Adding Skills into our RPG

This one was just a thought on the top of my head, but let’s say we want to add skills to our player in-game, for example if we want it to be a survival RPG style, and we want him to cut down trees, be able to cook, fish, mine, smith, etc (the point is, I want him to extract results from a skill, after a random amount of time, and that time decreases as his experience and levels increase. For example, what takes him 20 seconds to accomplish at level 1 might take him just 10 seconds at level 20). What’s a good starting point for us to start programming something like this into our game?

I would suggest running a coroutine/invoke function that is ran during a fishing, hunting, etc event, that checks to see if 10 seconds is passed at the start of the first hit/gunshot, and then when 10 seconds passed, to see if the task was completed

The time itself is relatively easy, and there are several ways to accomplish this…
If you’re just basing it on level, you can create a Stat like Stat.MiningTime that decreases as you level.

A more realistic approach may be to increase the skill level… for which you’d need a separate Skill Stats system like the Base Stats… You’d be tracking experience in each skill and levelling up the skill as the player earns experience by doing. Once again, you’d have some sort of either an array or formula for calculating skill time needed, or quality of loot gained by practicing the skill.

This one involves a bit of work, but all the building blocks are there within the courses.

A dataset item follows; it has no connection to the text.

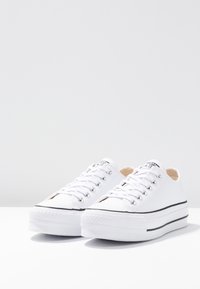 Zapatillas de lona blancas con una textura suave, diseño de corte bajo, detalle de franjas negras y ojales de metal para los cordones. Suelas de goma.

Hi Christopher. That sounds like a solid start, but I want something… progressive, rather than time-dependant. I don’t want something that forcefully hits 10 seconds before outputting a result, especially when the stats are high

Hi Brian, I’ll definitely return to this comment in a while, as I have overloaded myself with questions and uncompleted tasks, it’s becoming a nightmare for me with this project. What similarities can be expected between the Progression Stat we built in the first course, and the task I did seek help for?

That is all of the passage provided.